**TASK PROMPT:** Please return the listing below exactly, without any of its pictures.

**DATASET SECTION:**
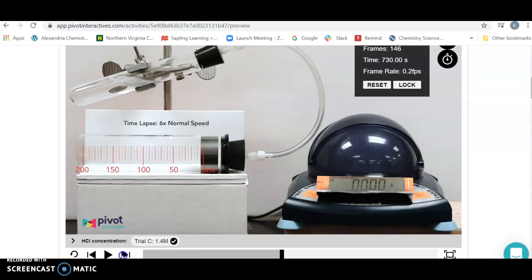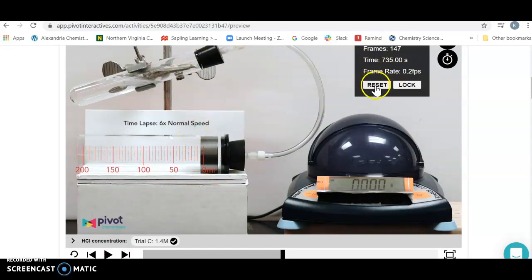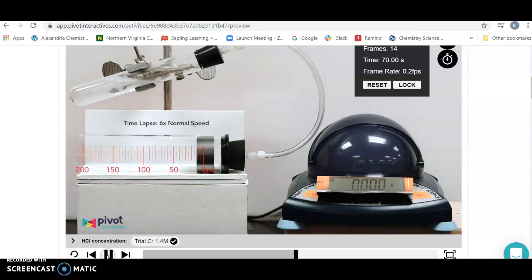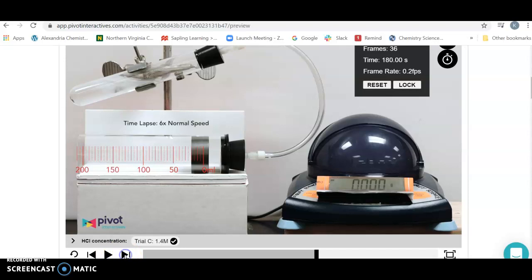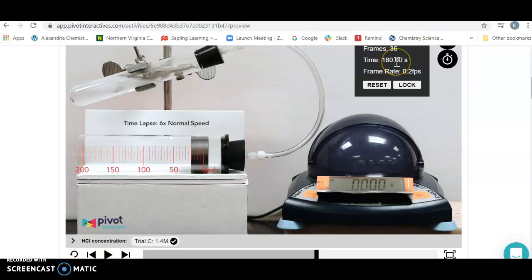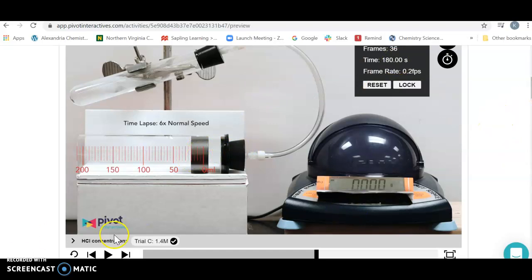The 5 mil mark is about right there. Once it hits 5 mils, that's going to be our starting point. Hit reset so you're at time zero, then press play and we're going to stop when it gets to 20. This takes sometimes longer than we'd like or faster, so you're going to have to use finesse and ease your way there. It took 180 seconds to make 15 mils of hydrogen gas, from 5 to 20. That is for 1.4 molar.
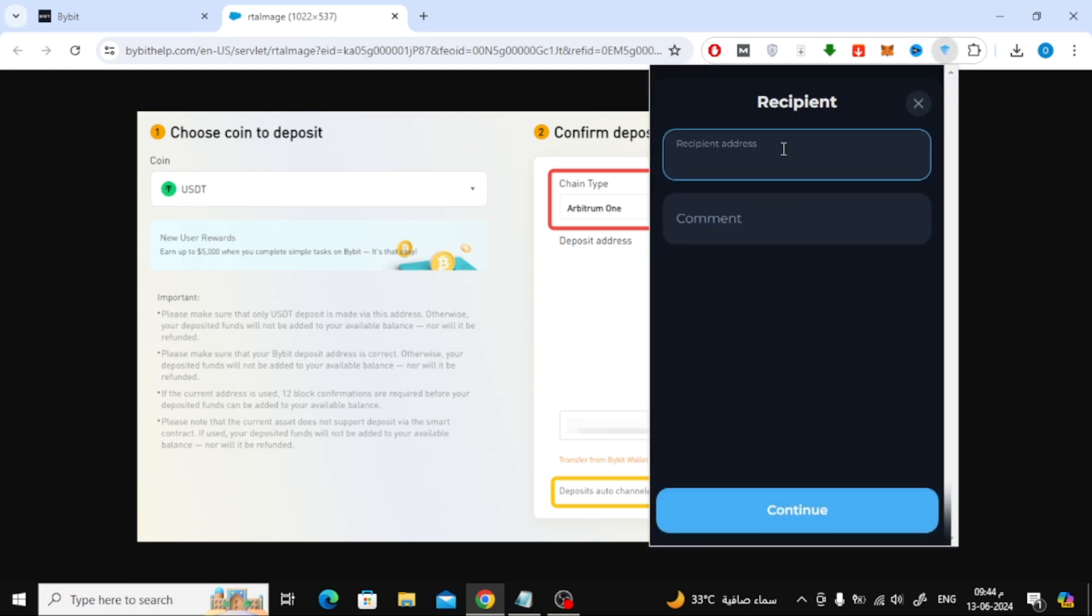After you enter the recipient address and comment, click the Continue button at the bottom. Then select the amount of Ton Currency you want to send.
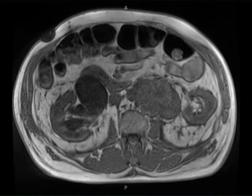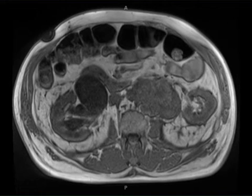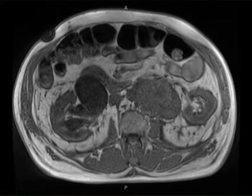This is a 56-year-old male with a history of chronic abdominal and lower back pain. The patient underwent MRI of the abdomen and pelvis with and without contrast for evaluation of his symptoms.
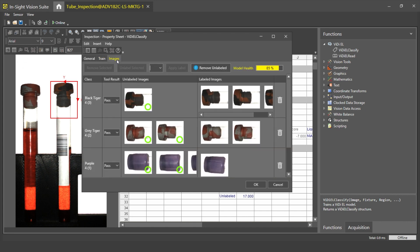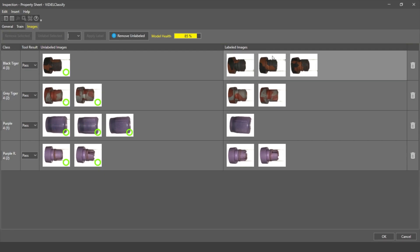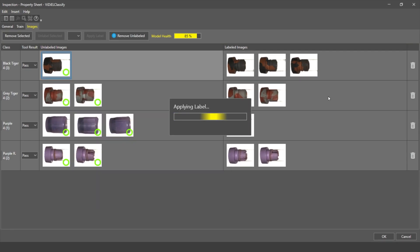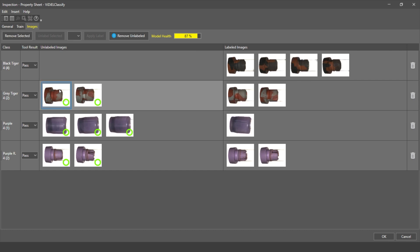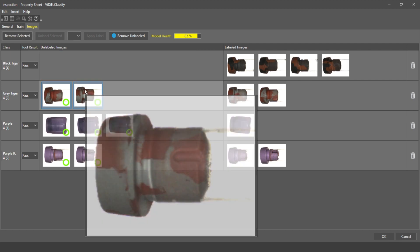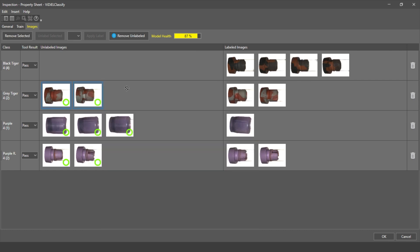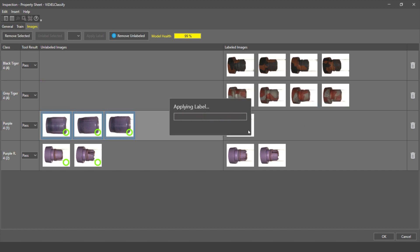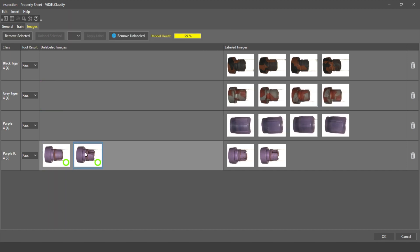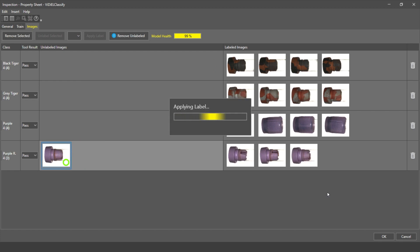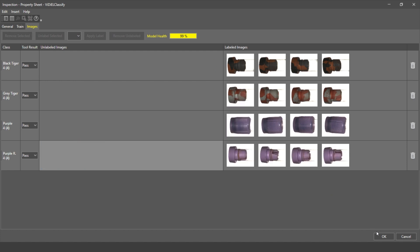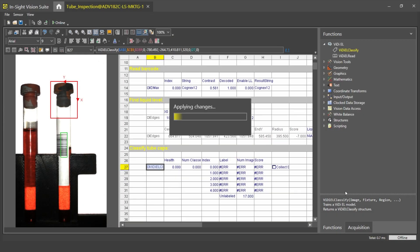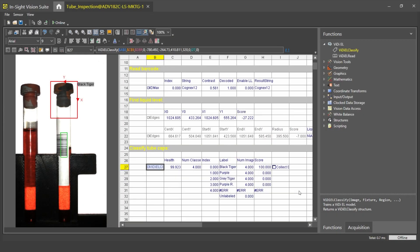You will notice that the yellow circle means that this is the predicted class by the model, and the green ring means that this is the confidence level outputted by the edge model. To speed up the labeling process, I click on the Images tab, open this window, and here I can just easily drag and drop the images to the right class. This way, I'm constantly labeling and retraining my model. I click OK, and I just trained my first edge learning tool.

**SOLUTION FOR THIS TASK:**
The 5 mil mark is about right there. Once it hits 5 mils, that's going to be our starting point. Hit reset so you're at time zero, then press play and we're going to stop when it gets to 20. This takes sometimes longer than we'd like or faster, so you're going to have to use finesse and ease your way there. It took 180 seconds to make 15 mils of hydrogen gas, from 5 to 20. That is for 1.4 molar.
After you enter the recipient address and comment, click the Continue button at the bottom. Then select the amount of Ton Currency you want to send.
This is a 56-year-old male with a history of chronic abdominal and lower back pain. The patient underwent MRI of the abdomen and pelvis with and without contrast for evaluation of his symptoms.
You will notice that the yellow circle means that this is the predicted class by the model, and the green ring means that this is the confidence level outputted by the edge model. To speed up the labeling process, I click on the Images tab, open this window, and here I can just easily drag and drop the images to the right class. This way, I'm constantly labeling and retraining my model. I click OK, and I just trained my first edge learning tool.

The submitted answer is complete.